The material below holds pictures, which are to be left out; copy exactly the lines from the one with "Lampki choinkowe gwiazdy" through the one with "Balmain: Cotton sweat".

• [AVAILABLE DATA]

........

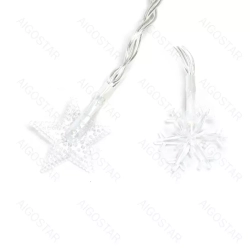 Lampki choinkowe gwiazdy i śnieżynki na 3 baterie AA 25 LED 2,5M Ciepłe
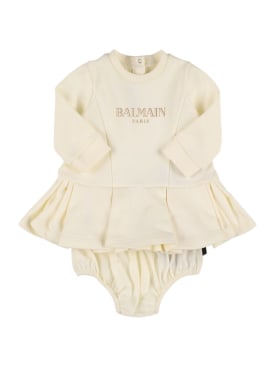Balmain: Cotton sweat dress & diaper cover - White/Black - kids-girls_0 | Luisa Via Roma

........

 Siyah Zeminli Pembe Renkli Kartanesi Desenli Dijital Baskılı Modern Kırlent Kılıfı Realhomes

........

• [YOUR RESPONSE]
 Lampki choinkowe gwiazdy i śnieżynki na 3 baterie AA 25 LED 2,5M Ciepłe
Balmain: Cotton sweat dress & diaper cover - White/Black - kids-girls_0 | Luisa Via Roma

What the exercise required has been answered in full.